RIO DE JANEIRO - Brazilian police early on Wednesday arrested another former executive at state-run oil company Petroleo Brasileiro SA after prosecutors accused him of continued involvement in corruption and money laundering.
Nestor Cervero, former international director of the company known as Petrobras, was detained at Rio de Janeiro's international airport as he returned from a trip to London, prosecutors said in a statement.
They said the arrest had been approved during a federal court recess and was based on "strong evidence" that Cervero had tried to transfer real estate and funds to family members and drastically understated the value of the transactions.
Cervero is one of 39 people whom prosecutors indicted last month for forming a cartel to funnel bribes from Petrobras construction projects to the ruling Workers' Party and its allies in a scandal that has shaken Brazil's economy.
Cervero's lawyer, Edson Ribeiro, said his client had informed investigators of his trip to London. Cervero had tried to transfer 500,000 reais (US$188,679) to his daughter and had transferred ownership of three apartments, Ribeiro said.
"There is no criminal activity in these two acts," said Ribeiro, adding he would seek habeas corpus for his client.

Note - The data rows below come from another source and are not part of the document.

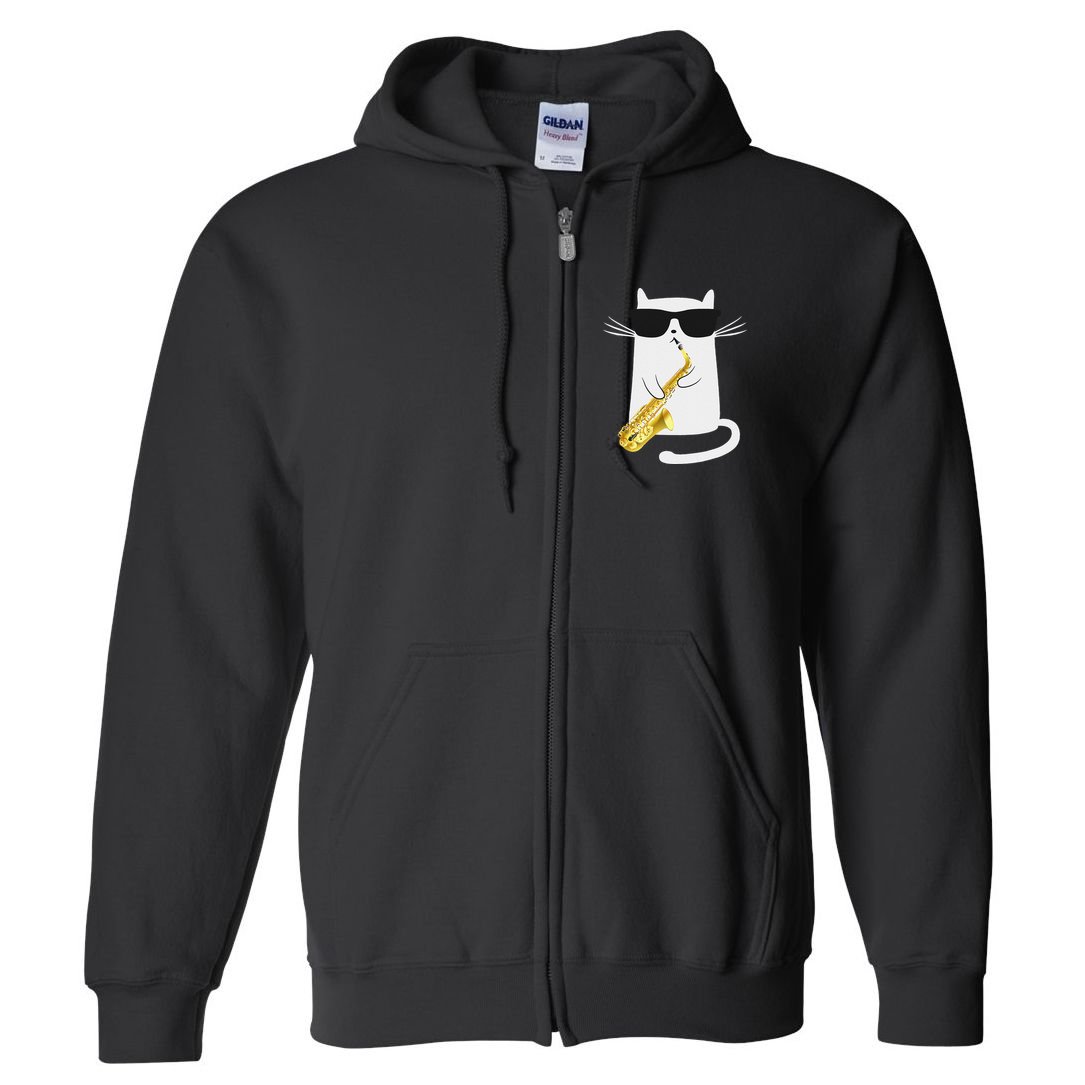 Funny Cat Wearing Sunglasses Playing Saxophone Gift Full Zip Hoodie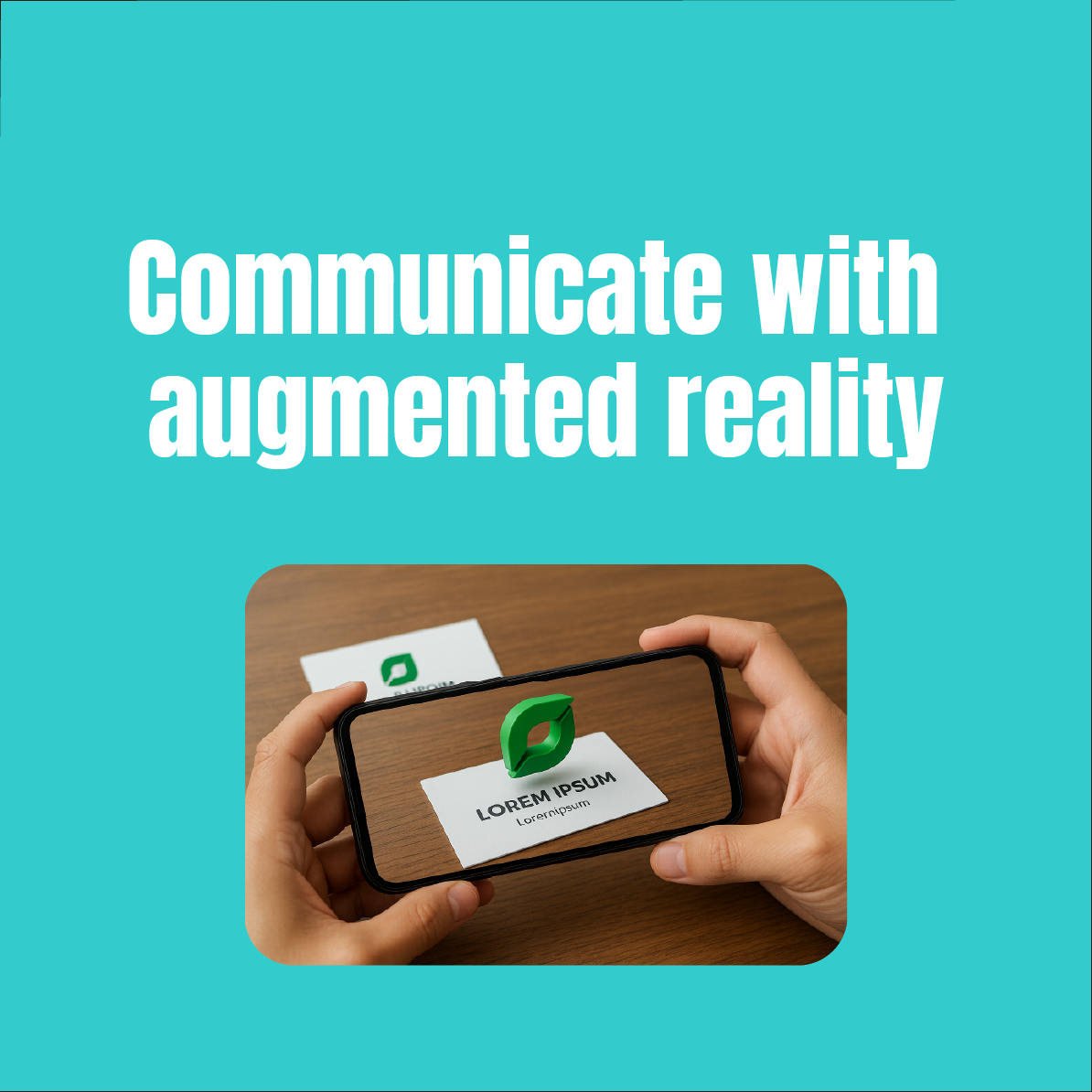 business card of a company with the logo in augmented reality through a phone screen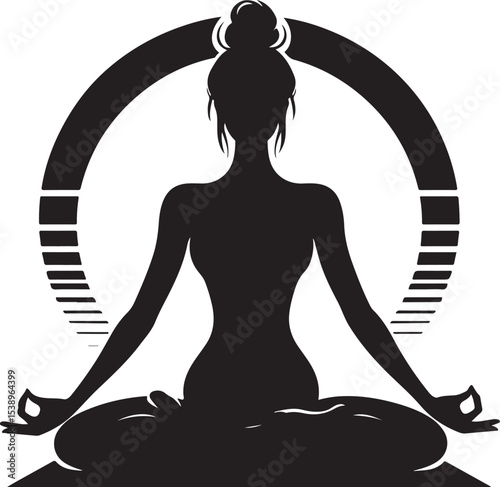 yoga female silhouette vector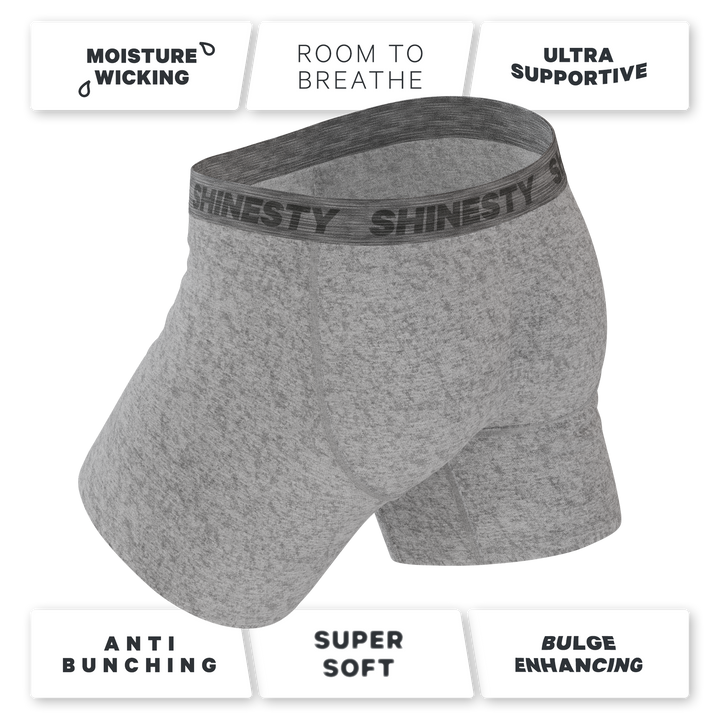 The Flintstone | Heather Grey and Black Ball Hammock® Pouch Underwear With Fly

Last month, the same prosecutors in the southern city of Curitiba indicted Paulo Roberto Costa, another former Petrobras executive, and leaders of top Brazilian engineering firms.
Cervero, along with a consultant and lobbyist, were accused of paying out $40 million in kickbacks to political parties, executives and contractors, as well as accepting $13 million in bribes from Korean shipbuilder Samsung Heavy Industries .
Samsung Heavy Industries never responded to request for comment.
Concern over the corruption scandal is driving shares and bonds of Petrobras to multiyear lows and spurring concerns of a slowdown in much-needed infrastructure projects in Brazil.
The team of prosecutors in Curitiba has vowed to expand their investigation, and the Supreme Court in Brasilia in February is expected to reveal the names of politicians who allegedly received kickbacks.
President Dilma Rousseff was Petrobras' chair from 2003 to 2010, when much of the graft took place, but has denied any knowledge of the scheme or wrongdoing.
Cervero, whom Petrobras fired in March, held various positions there. He was international director when it purchased a Pasadena, Texas, refinery that critics say it overpaid for.